THE PROBLEM:
In the records below, repeat word for word only the lines starting at the one that contains "HONDA NSS FORZA" and ending at the one that contains "Tiny photo for", pictures excluded.

SUPPLIED RECORDS:

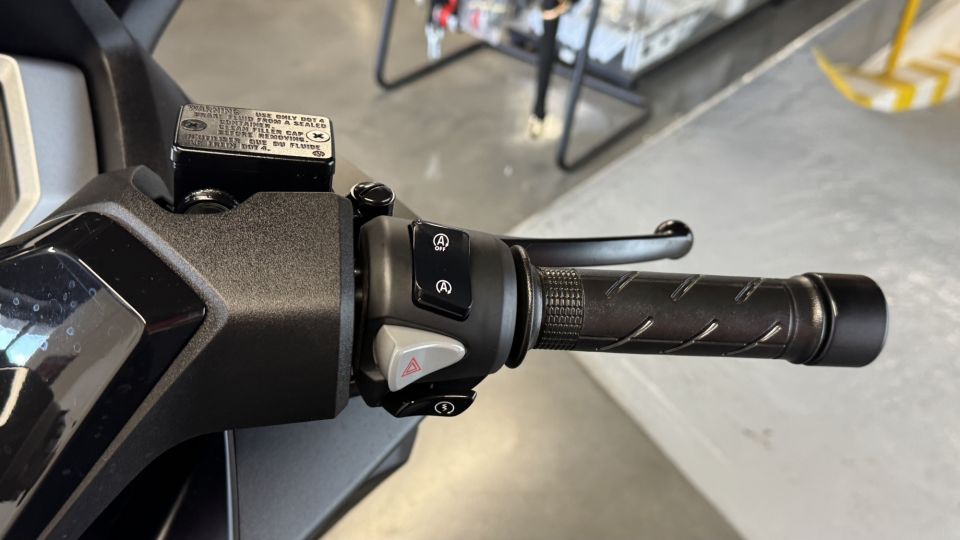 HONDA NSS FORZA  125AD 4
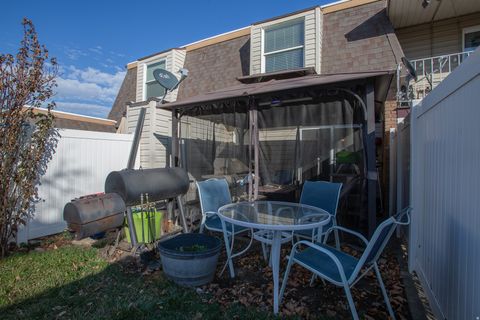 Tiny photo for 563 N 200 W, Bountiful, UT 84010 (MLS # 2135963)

--

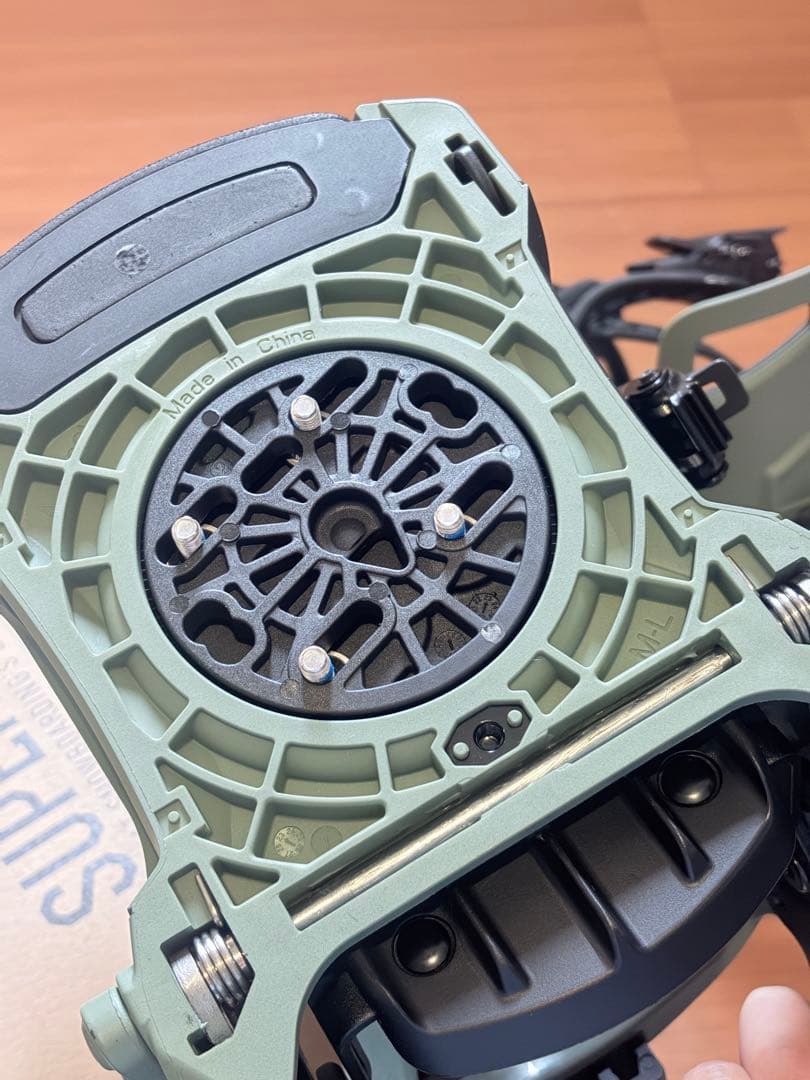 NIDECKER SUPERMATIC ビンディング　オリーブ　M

RESULT OF THE EXERCISE:
 HONDA NSS FORZA  125AD 4
 Tiny photo for 563 N 200 W, Bountiful, UT 84010 (MLS # 2135963)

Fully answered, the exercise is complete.